天然岩牡蠣と旬の味覚を名店でいただく~笑福~

著者撮影
象潟駅から車で南へ5分ほどのところに、居酒屋「笑福」は在る。創業は1998年だそうだから、間もなく20年になる。地元の方が太鼓判を押す、人気店だ。まるで民家を改装したような店内は、落ち着いてしっぽり呑める雰囲気を十分に纏っている。

著者撮影
こちらでいただけるのは、「地」の食材を中心とした海の幸と山の幸。中でも、やはり海の幸の醍醐味を味わえる刺身盛り合わせは外せない。
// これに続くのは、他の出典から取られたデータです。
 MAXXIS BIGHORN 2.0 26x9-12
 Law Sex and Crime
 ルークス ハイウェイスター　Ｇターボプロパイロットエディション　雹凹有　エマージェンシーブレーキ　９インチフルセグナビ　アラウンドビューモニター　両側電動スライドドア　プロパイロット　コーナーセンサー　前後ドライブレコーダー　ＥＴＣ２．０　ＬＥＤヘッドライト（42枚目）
素材の持つ旨味を心底楽しめる厚み、そして絶妙な温度にて提供される。ネタごとに歯応えや旨味は異なるものの、共通しているのはネタが放つ活力、みずみずしさである。

笑福で提供される鳥海山の恩恵を受けた魚介料理

天然岩牡蠣

著者撮影
 
象潟の天然岩牡蠣は、頬張ろうと口に殻を持っていくと、鼻腔がたちまち磯の香りに包まれる。改めて見ると、身全体に対して、ミルクが占める割合が非常に大きいのが分かる。育ちの良い証拠だ。口に頬張った次の瞬間、パンッと膜を破り、一瞬にして口の中に撹拌するミルク。ねっとりと舌全体を覆い、弾力に富んだ牡蠣の身と絡み合う。一連の流れの中に、水っぽさなど皆無だ。食道に抜けたあとに残る、なんとも言えない余韻に浸る。

串あなご

著者撮影
圧巻のビジュアルは、穴子をくねらせ串に刺し、丸焼きにしたもの。登場とともに、なんとも香ばしい薫りが立ち込める。これを一口サイズにぶつ切りし、いただく。丸焼き故に部位ごとに異なる食感と味わい。その振り幅が実に楽しく、終始飽きることはない。噛むたびにググッと跳ね返してくるような弾力に、独特の苦味や香ばしさが同居する。唾液と混ざり合いながら、口の中に穴子の素の旨味が染み渡る。

アジフライ

著者撮影
海からほど近い居酒屋で食らうアジフライは美味い。やや粗目の衣に身を包んだ鯵は、もちろん地物。ふっくらとしながら、儚く崩れる身の美味さを感じるには、ほどよい厚さである。衣も厚すぎず、油切れも良好。

笑福

 

魚介だけじゃない!鳥海山の伏流水で育った旬の味覚 ~Nico~

著者撮影
山形県は酒田市。JR羽越本線酒田駅から、南へ車で約10分の所に在る「Restaurant Nico」。こちらで頂けるのは、庄内の“旬の食材”を使ったフランス料理。「酒田でしか味わえないフランス料理」をコンセプトに、魚介・肉・野菜は勿論、塩やハーブ等の調味料までも庄内産にこだわる。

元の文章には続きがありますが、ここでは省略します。